Turkey’s government has urged for calm after violence against Syrian refugees broke out in the central Melikgazi region and spread to other areas.

Riots erupted after Turkish authorities arrested a Syrian man for allegedly sexually abusing a seven-year-old Syrian girl in the central city of Kayseri.

Turkish residents, infuriated by online reports of the crime, flipped over cars in Kayseri and set Syrian-run shops alight on Sunday night, demanding that Syrians be kicked out of the country.

The violence spread to the southern province of Hatay, where protesters set a Syrian grocery store ablaze.

The riots “damaged houses, workplaces, and vehicles belonging to Syrian nationals”, said Turkey’s Interior Minister Ali Yerlikaya, who accused those responsible of acting “illegally in an attitude that does not suit our human values”.

On Tuesday, Yerlikaya stated “474 people were detained after the provocative actions” carried out against Syrians, in a post on X.

Turkish President Recep Tayyip Erdogan condemned the violence, which he blamed opposition parties for stoking.

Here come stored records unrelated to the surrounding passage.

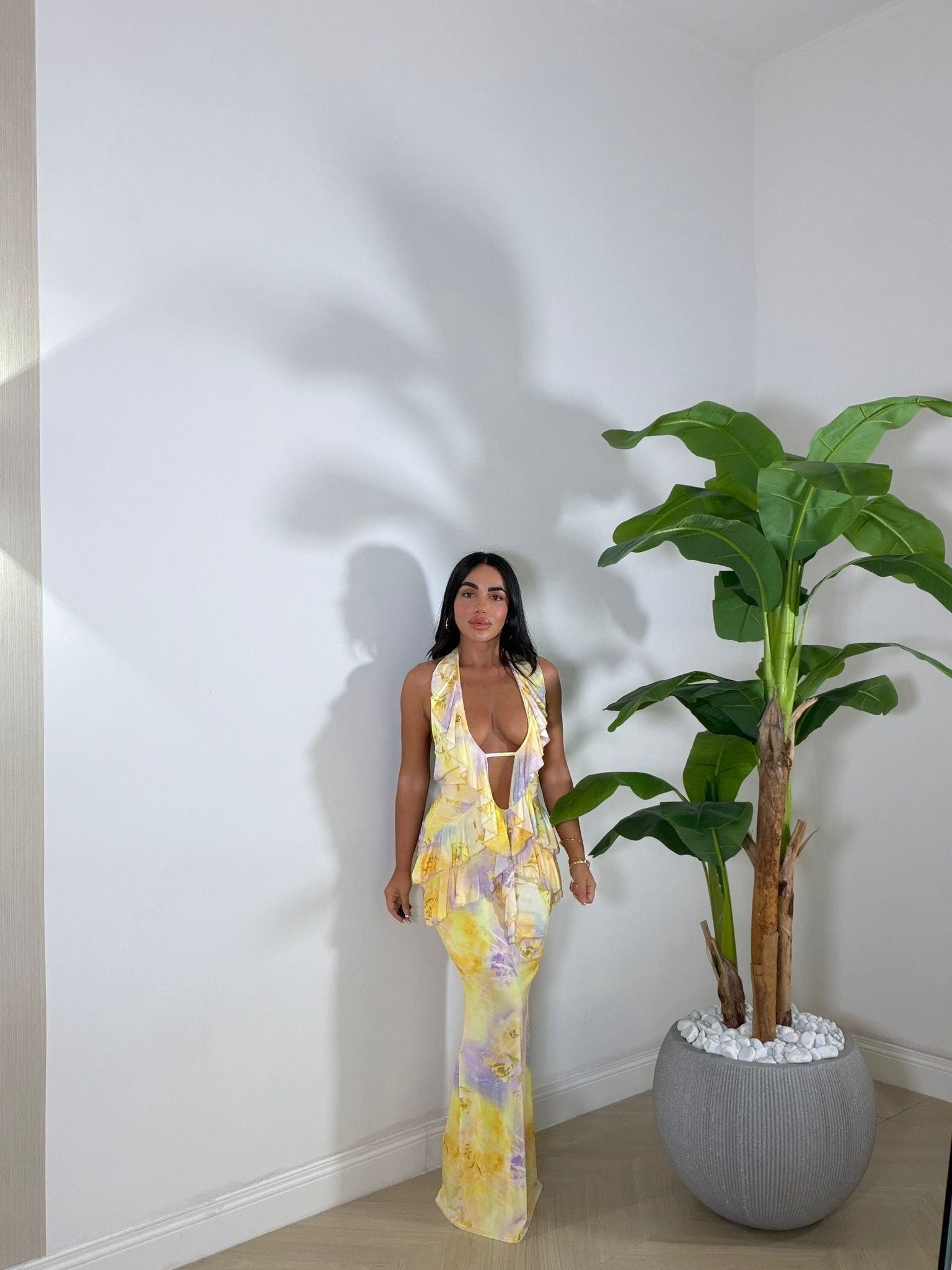 Dress South Beach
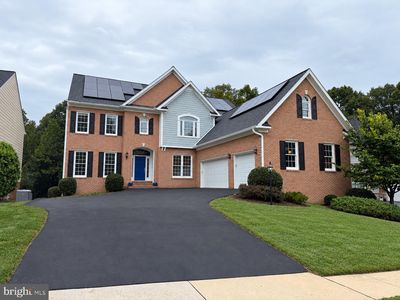 4412 Tuscany Ct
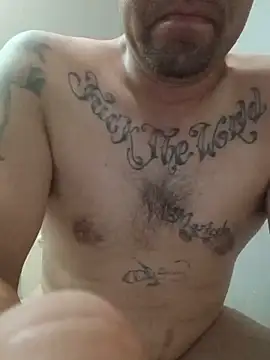 Crossedsissy online show from 06/07/26, 12:26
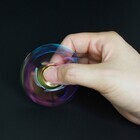 株式会社サードウェーブ　ドスパラのプレスリリース画像9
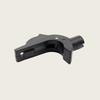 Shock Absorbing Tonearm Support for SL1200 Turntables Maintains Optimaled Sound Quality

“It is unacceptable to burn houses, vandalise and set streets on fire,” he said on Monday of the violence, adding, “Nothing can be achieved by fuelling xenophobia and hatred of refugees in society.”

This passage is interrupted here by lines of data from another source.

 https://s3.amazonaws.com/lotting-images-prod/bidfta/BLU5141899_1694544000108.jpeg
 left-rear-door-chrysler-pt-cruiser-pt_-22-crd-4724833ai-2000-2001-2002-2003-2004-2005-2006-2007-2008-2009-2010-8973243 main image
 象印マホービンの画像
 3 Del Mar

More than 3.5 million Syrians live in Turkey, the highest number in the region, who were initially welcomed as refugees when the war erupted in Syria in 2011.

Most Syrians live under “temporary protection” status and many subsequently became Turkish citizens. But anti-refugee sentiment has been rising in Turkey, particularly against Syrians, for several years because of a deep economic crisis that has seen soaring inflation.

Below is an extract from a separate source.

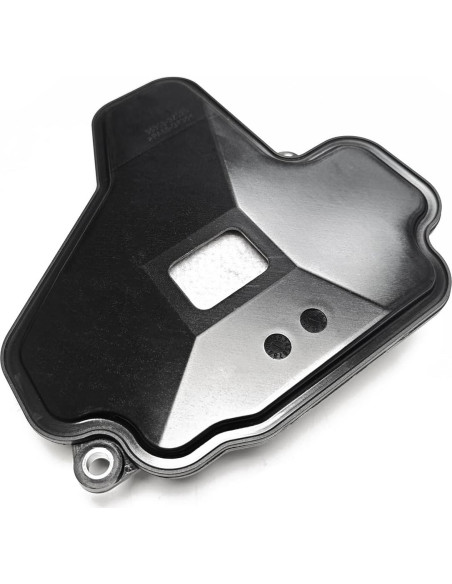 Filtro de Transmisión Automática Sumyola 35303-BZ020 para Toyota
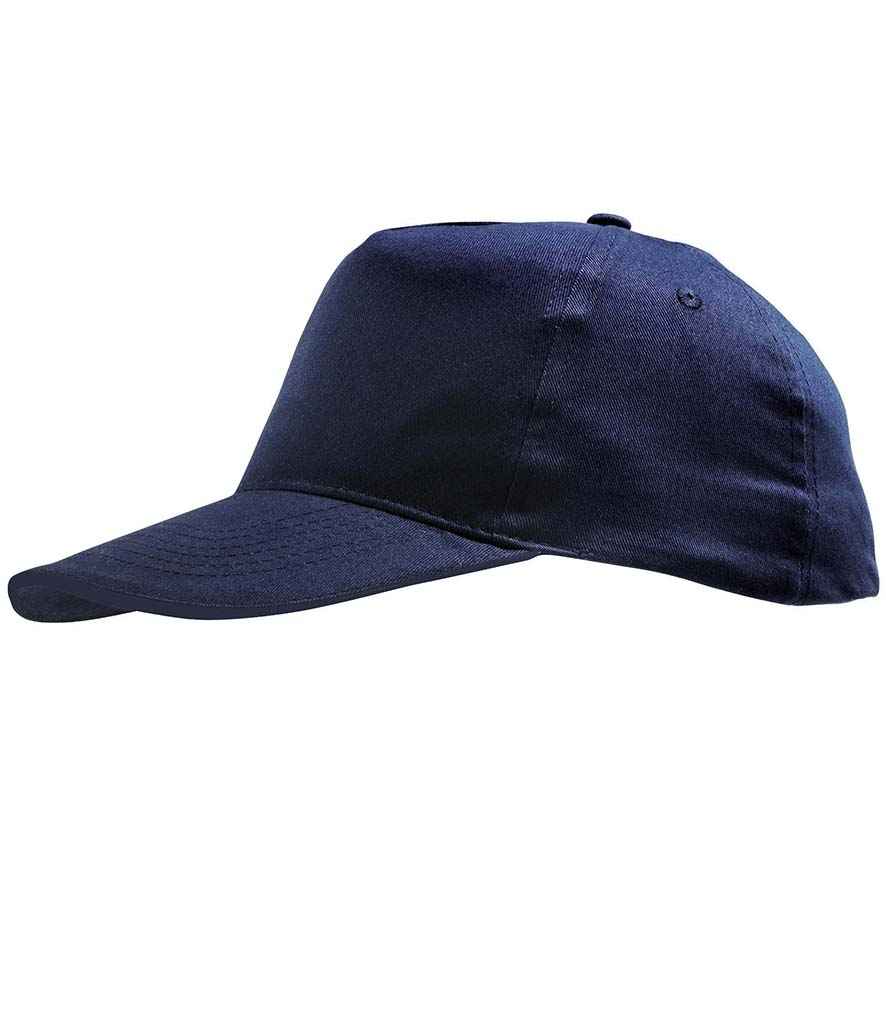 French Navy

Umit Ozdag, the leader of Turkey’s anti-migration Victory Party, blamed the violence on the government’s allegedly “privileged” treatment of Syrian refugees.

Anti-Syrian riots broke out in Turkey in 2021, after a Turkish teenager was stabbed to death in a fight with a group of young Syrians in the capital, Ankara.

Hundreds of people chanting anti-immigrant slogans took to the streets, vandalised Syrian-run shops and hurled rocks at refugees’ homes.

The recent violence sparked retaliatory riots in opposition-held areas of northwestern Syria, across the border, including those controlled by Turkish-backed forces.

Hundreds of Syrian demonstrators, some armed, took to the streets in protest. Some tore down Turkish flags, hurled rocks and objects at Turkish trucks and attempted to storm the Jarablus crossing, said the Syrian Observatory of Human Rights, a war monitor.

Four people were killed in “exchanges of fire” with Turkish guards, while 20 more were injured, added the Syrian Observatory.

Protester Adel al-Faraj stated he took to the streets in solidarity with “our Syrian brothers in Turkey”.

“Our people fled from [Syrian President] Bashar al-Assad only to be oppressed in Turkey,” he told the AFP news agency, urging Turkey to do more to stop violence against Syrians.

Tensions have been rising in Syrian opposition-held areas over moves towards rapprochement between the two countries, including plans to open a crossing between government-held areas and those held by Turkish-backed opposition forces in Aleppo.